Nevertheless, the trader later accompanied him to another post and gave Pike a guide, snowshoes for all his men and a sleigh and two sled dogs for Pike himself.
"What I don't understand is why they didn't shoot Pike and be done with it, because he was so in their face about it, with so few men," Anfinson says.
Amazingly, Pike made it back to St. Louis with all his men. Soon, Gen. James Wilkinson ordered him on another expedition into the Southwest, where Pike again endangered his men's lives through negligence and, on a whim, tried but failed to climb a Colorado mountain that later was named for him.
Pike was captured by the Spanish, likely on purpose, and turned out to be an observant spy, but his career was tainted when his mentor, Wilkinson — "one of history's worst scoundrels," according to the National Park Service — was tried for conspiracy with former Vice President Aaron Burr.
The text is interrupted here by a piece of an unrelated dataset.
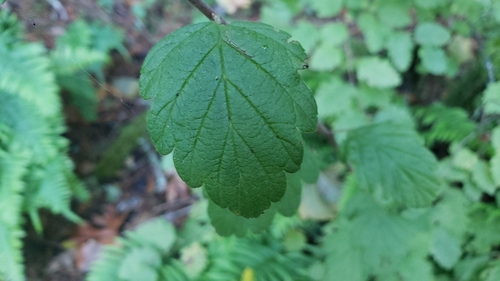 Holodiscus discolor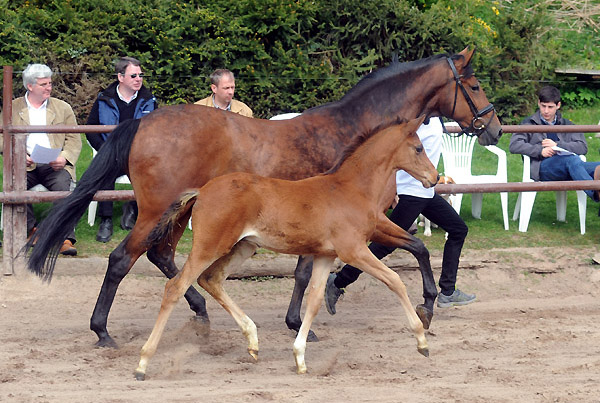 Karena by Freudenfest with her colt by Saint Cyr - Foto: Beate Langels - Trakehner Gestt Hmelschenburg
Pike's career rebounded with the advent of the War of 1812, for which he was made a brigadier general.
In 1813, he died in an explosion set by the British in modern-day Toronto. The Americans then burned the town, for which the British retaliated in 1814 by burning the White House and U.S. Capitol.
Pike became a hero, with various counties and towns around the nation named for him; in 1817, the first steamboat to arrive in St. Louis was the Pike.
Then, he was nearly forgotten, except by history buffs. Naturally, they have opinions about this pompous, by-the-book teetotaler who is said to have hidden in the bushes as a young officer to catch his men drinking and ran roughshod over everyone he met.
But what really fascinates them is how the brief appearance of one inexperienced young lieutenant in 1805 shaped the future of an entire state.
"It's a big story," Anfinson says. "It doesn't have to be Lewis and Clark to be important."